Şengal’in Suka Kevin Sokağı’nda, öfke ve kinlerini bilinçli bir örgüte dönüştüren bu kadınlar aman ve yardım dilenmiyor, büyük bir özgüven içinde; “Kadınların Direnişi ve Mücadelesi Fermanların Önünü Alacak” diye haykırıyor.

Êzîdî Kürt kadınlar, “Şengal’e Özerlik İstiyoruz” derken yaşadıkları 74 fermanı ve son katliamı hatırlatıyor, “biz hiçbir gücün, hiç kimsenin bizi koruyacağına inanmıyoruz, kendimizi ancak kendimiz koruruz” diyorlar.

Suka Kevin Sokağı’ndaki kadınların yürüyüşü sadece KDP ihanetini hatırlatmıyor.

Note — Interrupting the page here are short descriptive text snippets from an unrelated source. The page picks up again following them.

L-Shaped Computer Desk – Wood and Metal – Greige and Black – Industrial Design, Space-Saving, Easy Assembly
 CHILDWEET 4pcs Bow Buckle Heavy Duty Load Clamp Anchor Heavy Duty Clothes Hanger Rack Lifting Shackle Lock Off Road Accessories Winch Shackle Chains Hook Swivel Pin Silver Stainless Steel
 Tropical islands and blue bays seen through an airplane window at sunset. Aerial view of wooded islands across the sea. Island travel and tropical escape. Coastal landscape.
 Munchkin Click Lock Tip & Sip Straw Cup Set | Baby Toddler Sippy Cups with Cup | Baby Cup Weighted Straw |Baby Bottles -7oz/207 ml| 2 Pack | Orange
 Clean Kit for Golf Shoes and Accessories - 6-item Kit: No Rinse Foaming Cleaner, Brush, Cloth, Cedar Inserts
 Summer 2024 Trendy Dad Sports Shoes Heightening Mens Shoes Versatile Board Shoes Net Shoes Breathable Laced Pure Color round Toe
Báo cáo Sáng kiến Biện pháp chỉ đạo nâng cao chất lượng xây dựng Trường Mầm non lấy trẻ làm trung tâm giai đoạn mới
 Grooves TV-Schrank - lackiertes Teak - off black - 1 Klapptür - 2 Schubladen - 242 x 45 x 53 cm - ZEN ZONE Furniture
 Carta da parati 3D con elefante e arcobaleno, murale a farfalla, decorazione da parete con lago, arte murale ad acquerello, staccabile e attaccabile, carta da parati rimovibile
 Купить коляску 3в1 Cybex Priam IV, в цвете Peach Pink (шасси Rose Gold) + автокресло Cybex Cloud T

DAİŞ saldırılarının gerçekleştiği dönemde, alandaki askerlerini ve silahlarını toplayarak, Şengal’i DAİŞ çetelerine bırakarak Bağdat’a kaçan Irak askerlerini ve Irak hükümetinin ihanetini de yeniden hatırlatıyor.

“Şengal’e Özerklik İstiyoruz” sloganın muhatabı ise Birleşmiş Milletler Teşkilatı ve ABD yönetimidir.

Hani DAİŞ katliam yapar ve onbinlerce Êzîdî Kürt’ü katliamlardan geçirirken, binlerce kadını esir alırken esamesi okunmayan, sesi soluğu çıkmayan, hayalet olan BM ve ABD...

PKK’liler, PKK gerillaları ve Rojava savaşçılarının müdahalesi ile katliamın daha da büyümesi engellenirken ve DAİŞ çeteleri Şengal’den sökülüp atılıncaya kadar ortalıkta görünmeyen BM ve ABD...

Şengalli kadınlar “Şengal’e Özgürlük İstiyoruz” derken, BM ve ABD’nin 9 Ekim 2020 tarihinde organize ettiği “Şengal Anlaşması”nın özgürlüğü engelleyici bir anlaşma olduğunu belirtiyorlar.

Çünkü BM ve ABD öncülüğünde organize edilen bu anlaşma, Şengallileri katliamdan kurtaranlardan “kurtararak” ihanet edenlere teslim etmeyi hedefliyor.

Şengal Anlaşması, Şengali DAİŞ’e teslim eden; Şengal halkını, kadınlarını korumayan, koruma teşebbüsünde bulunmayan KDP ve Bağdat yönetimini yeniden Şengal’in sahibi ve yöneticisi yapmak istiyor.

BM ve ABD Şengal Anlaşması’ndaki ısrarları ile, insanlık tarihi boyunca ve dünyanın başka hiçbir yerinde görülmeyen bir ahlaksızlığı politikleştiriyor: Şengal’deki Êzîdî Kürtlerin kendi öz savunmalarını yapmalarını, kendi güvenliklerini almalarını engelleyerek, kendilerine ihanet eden, kendilerini korumayan KDP ve Irak hükümetine teslim etmek istiyor. 

Suka Kevin Sokağı’ndaki Şengalli kadınların haykırışı Washington’a ulaşır mı bilinmez ama Şengalli kadınların bu kararlılığı ve özgüveni, ihanetçilerin eskiden olduğu gibi Şengal’de ağalık ve beylik yaparak hüküm sürmelerine asla izin vermez.